James
1: 2 - 8
2 Dear
brothers and sisters, when troubles come your way, consider it an opportunity
for great joy.3 For you know that when your faith is
tested, your endurance has a chance to grow. 4 So let it grow, for when your endurance is fully developed, you
will be perfect and complete, needing nothing.5 If you
need wisdom, ask our generous God, and he will give it to you. He will not
rebuke you for asking. 6 But when you ask him, be sure that your faith is in God alone. Do
not waver, for a person with divided loyalty is as unsettled as a wave of the
sea that is blown and tossed by the wind. 7 Such people should not expect to receive anything from the Lord. 8 Their loyalty is divided between God and the world, and they are
unstable in everything they do.
I have been stuck on this passage
for the past 2 months, (that’s to say the least) most particularly verses 6-8...

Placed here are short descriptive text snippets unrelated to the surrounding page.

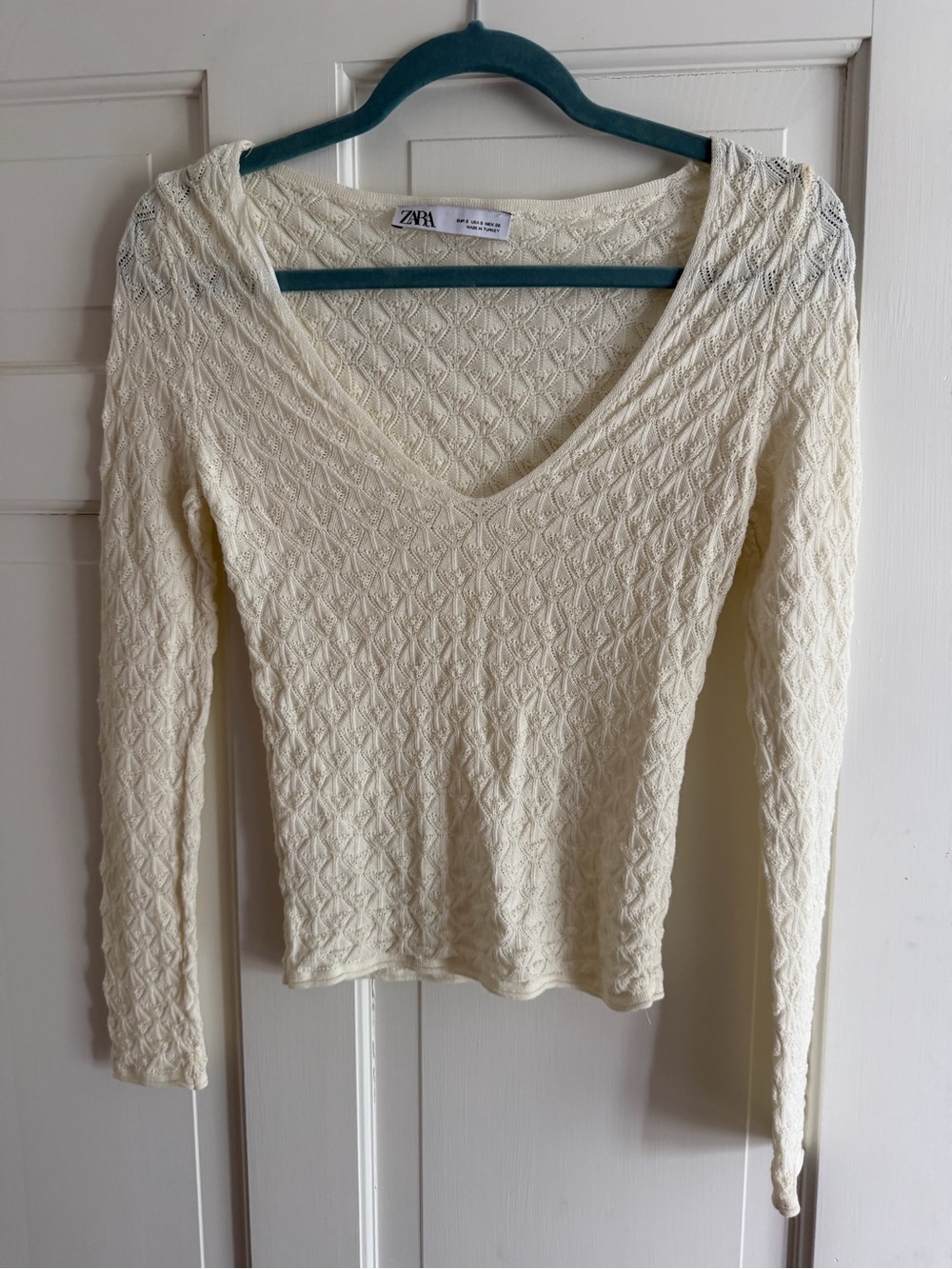 ZARA Cream Textured V-Neck Long Sleeve Top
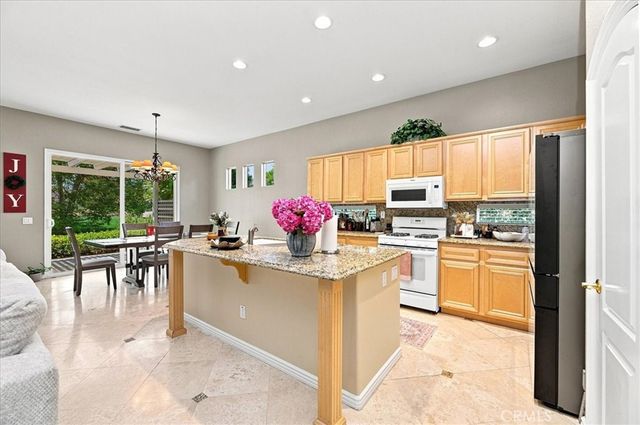 24211 Whitetail, Corona, CA 92883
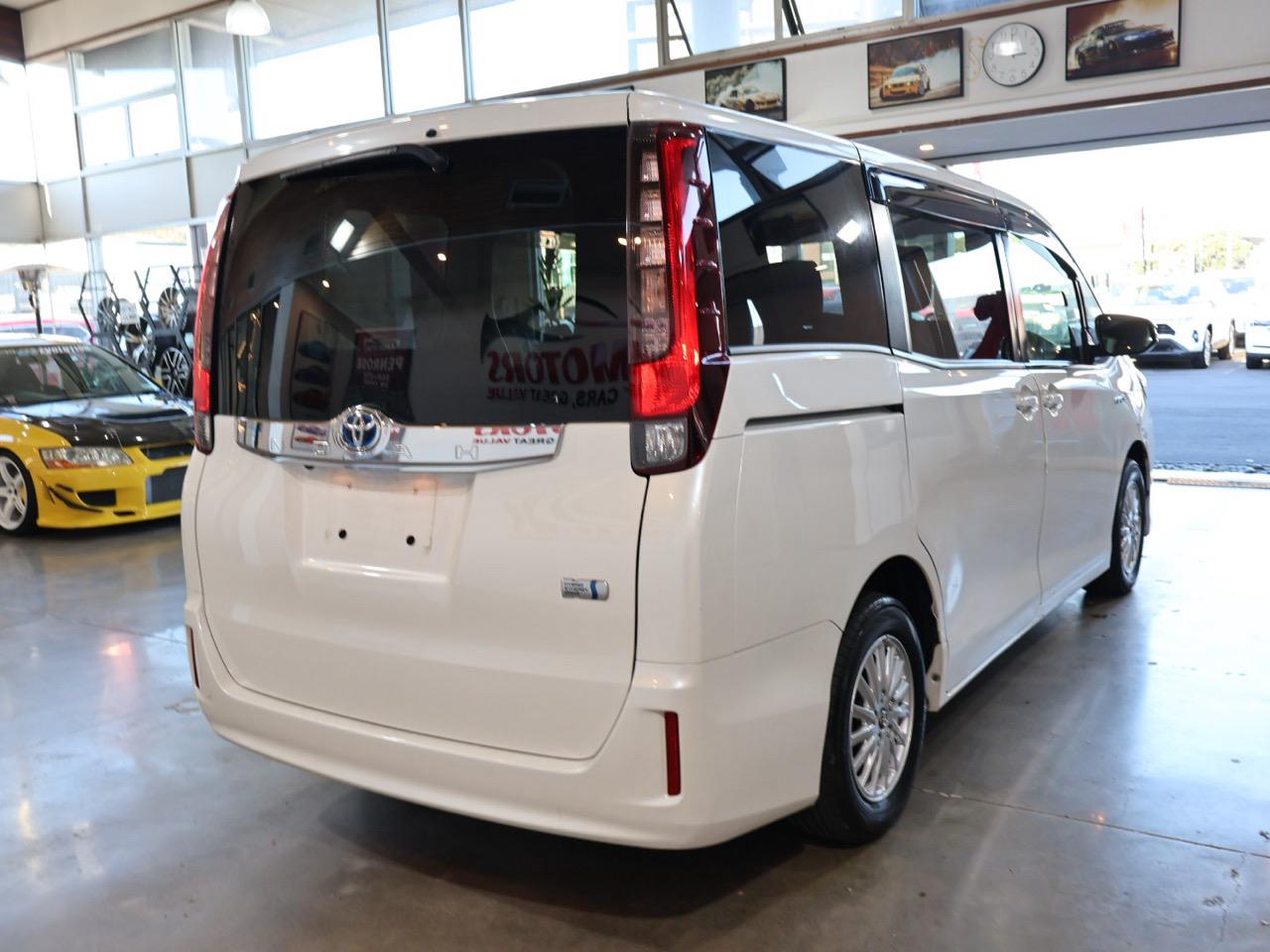 2015 Toyota Noah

I seem to have struggled with “Doubt” my whole life and while I wish I was here
to share the testimony of how I overcame… and my recipe for success, that isn’t
the case, I ain’t got it together yet. There are days I wonder if I ever will –
I guess you can call it the doubt talking again. Nevertheless I feel sharing
this journey might achieve one of two things:
1) Spur people who have got it together to share on how they got
it together (and perhaps I won’t doubt their testimonies and be able to press
into mine) or
2) Encourage others that may be going through the same that there
is no affliction that is peculiar to one person, and perhaps we might all grow
together into being “perfect and complete”.
So what is this doubt thing—is it
a sin or a weight or just healthy realism? Well this much study I did and I’ll
try to present it in a concise fashion. I found out doubt is strongly connected
and correlated to faith, in fact it’s been dubbed and defined as “lack of
faith”. What then is Faith? It is said to be the
substance attached to things hoped for and the evidence of things that are
unseen. An example of this will be the belief that I’m one day going to have a Christ-centered, fun-loving and community-influencing home.
(It’s not rocket-science sebi.. or maybe it is..)
And right in that “..or maybe it is..” you witness first hand
my doubts. To me doubt is as simple as ‘double-checking’, there must be an ‘or’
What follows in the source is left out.